I’m not even sure where the idea for this meal came from. I was wondering what to make for dinner and this just popped up in my brain. It’s a bit more work than most of my meals (I used three pans!) but worth it when you have the time.

Ingredients:

 ½ cup Polenta

2 cups Water

2 cups Veggie broth

Salt & pepper to taste

Oregano and thyme to taste

1 Tablespoon butter or Earth balance, optional

1 cup Veggies of choice

I used red onion, garlic, red pepper, broccoli, and spinach and Swiss chard from my garden!

1 Tablespoon olive oil.

 

Gravy

2 Tablespoons Earth Balance or butter

2 Tablespoons Olive oil

2 Tablespoons Flour

¼ cup Almond milk

¼ cup Veggie broth

Salt & pepper to taste

Directions:

Prepare the polenta by bringing the water and veggie broth to boil and whish in the polenta. Turn down to a simmer and continue whisking often for about 20 minutes. Remove from heat and pour into a baking dish. Set aside.

Sautee veggies, then put on top of the polenta. Using the same frying pan you cooked the veggie in, add the butter and olive oil and turn the heat on low. When the butter is melted, add the flour and which it into the butter. Continue for a few minutes more until the flour is absorbed. Now slowly whisk in the milk and broth. Add salt and pepper and keep on low heat a few minutes more while whisking.

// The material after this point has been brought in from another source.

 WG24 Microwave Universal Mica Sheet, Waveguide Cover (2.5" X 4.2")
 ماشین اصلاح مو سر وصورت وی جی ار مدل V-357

Put the baking dish into the oven at 400 and cook for about 10 minutes. Remove, add the gravy and return to oven for about 5 minutes.

Enjoy!

 

 

 

 

Thanksgiving November 30, 2008

I had a nice, quiet holiday. It was just my yougest and I, and he is picky. He had his traditional cheese pizza.

I considered going out to eat, but thought it would be better to stay home and prepare my own meal.  It’s easier on the environment as well as on my own resources.

I decided to have a feast for one. I usually eat pretty healthily, but this is a holiday dedicated to feasting. I felt that to celebrate properly I would need to throw aside my usual restraint for the day. I take my holidays seriously. Never let it be said that I don’t do my part.

I made my favorites. Stuffing, mashed potatoes and gravy. For desert-cheesecake. My oh my. I did slice half a cucumber to throw a salve to my conscience.  I made some yeast bread, as well.  I opened a jar of my homemade blackberry jam to go on the bread. There is nothing quite like bread still warm from the oven, spread with jam you have made. Yum, yum, yum.

My stuffing was pretty simple. I just sauteed some garlic, onions, celery and mushrooms, and added the traditional spices of sage (gotta have lots of that), rosemary, thyme and oregano.  All of these herbs were from my garden, that I picked and dried last summer. When the vegetables were done, I combined them with half of loaf of bread crumbs I had dried out a few days before, and some walnuts. I stirred it up with some mushroom broth and baked it about half an hour.

By now the house is starting to smell really good.

I put the peeled and cut up potatoes on to cook, while I started the gravy. When they were tender, I mashed them, added salt, pepper and a large amount of butter (It’s a holiday!) and left them covered to keep warm.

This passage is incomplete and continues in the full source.